Na ter zake door de Intergemeentelijke Adviescommissie Bezwaar- en Beroepschriften te zijn gehoord heeft verweerder, geheel overeenkomstig het daartoe strekkende advies van 5 april 2001, bij besluit van 10 april 2001, de bezwaren van eiseres sub 1 tegen het besluit van 28 maart 2000 ongegrond verklaard en dat besluit in stand gelaten en eisers sub 2 en 3 niet-ontvankelijk verklaard wegens het overschrijden van de voor het indienen van een bezwaarschrift in acht te nemen termijn. De bezwaren van eisers tegen de in het besluit van 7 november 2000 neergelegde weigering tot het toepassen van bestuursdwang, heeft verweerder tot slot ongegrond verklaard.
Daarvan zijn eisers op 22 mei 2001 bij deze rechtbank in beroep gekomen, welke beroepszaken zijn geregistreerd onder de nummers Awb 01/ 656 en 660. Bij uitspraak van 14 oktober 2002 heeft de rechtbank eisers sub 2 en 3, voor zover hun beroep was gericht tegen de bij het bestreden besluit gehandhaafde vrijstelling van de Bouwverordening en het toekennen aan [D] c.s. van een ander adres, niet-ontvankelijk verklaard. Het beroep van eiseres sub 1, voor zover tegen dat gedeelte van het besluit gericht, heeft de rechtbank gegrond verklaard. Tevens heeft de rechtbank het beroep van eisers voor zover dat zich richtte tegen de gehandhaafde weigering om bestuursdwang toe te passen, gegrond verklaard. De rechtbank heeft vervolgens het bestreden besluit van 10 april 2001 in volle omvang vernietigd en verweerder opgedragen een nieuw besluit te nemen op het bezwaarschrift van eiseres sub 1 van 17 april 2000 en op het bezwaarschrift van eisers van 31 december 2000, met inachtneming van hetgeen in die uitspraak is overwogen. Tegen deze uitspraak heeft geen der betrokken partijen hoger beroep aangetekend.

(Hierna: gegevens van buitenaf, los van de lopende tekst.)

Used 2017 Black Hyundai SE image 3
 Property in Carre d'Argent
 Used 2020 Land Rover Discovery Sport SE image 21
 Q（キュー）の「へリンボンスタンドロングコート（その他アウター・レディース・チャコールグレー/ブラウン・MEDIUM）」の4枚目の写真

Alvorens over te gaan tot het nemen van een nieuwe beslissing op bezwaar, heeft verweerder betrokken partijen andermaal in de gelegenheid gesteld, ditmaal op 9 januari 2003, door de Intergemeentelijke Adviescommissie Bezwaar- en Beroepschriften op hun bezwaren te worden gehoord. Het van het horen opgemaakte verslag bevindt zich onder de gedingstukken.
Bij het thans aangevochten besluit van 25 februari 2003 heeft verweerder de bezwaren van eiseres sub 1, voor zover die zich richten tegen het verlenen van vrijstelling van het bepaalde in artikel 2.5.3, eerste en vierde lid, van de Bouwverordening alsmede het toekennen van een huisnummer ten behoeve van de woning plaatselijk bekend als "[A] 18 achter" gegrond verklaard, het besluit van 28 maart 2000 in zoverre herroepen en de eertijds verleende vrijstellingen van de Bouwverordening en ook de toekenning van een ander huisnummer aan [D] c.s., alsnog geweigerd. De bezwaren van eisers, voor zover die zijn gericht tegen de weigering om bestuursdwang toe te passen, heeft verweerder, het advies van de Intergemeentelijke Adviescommissie Bezwaar- en Beroepschriften integraal overnemende, ongegrond verklaard, ten eerste omdat op korte termijn legalisering van de met het vigerende bestemmingsplan "Mesch 1993" strijdige situatie valt te verwachten. In dat kader heeft verweerder aangegeven bereid te zijn zich ervoor in te zetten dat op voet van artikel 19, tweede lid, van de Wet op de Ruimtelijke Ordening (hierna: WRO) ten behoeve van [D] c.s. vrijstelling wordt verleend van de bepalingen van het bestemmingsplan. Voorts heeft verweerder het belang van mw[D] om ter plaatse te kunnen blijven wonen laten prevaleren boven de belangen van eisers bij schending van hun privacy, door het gebruik door [D] c.s. van de noodweg als permanente toegangsweg.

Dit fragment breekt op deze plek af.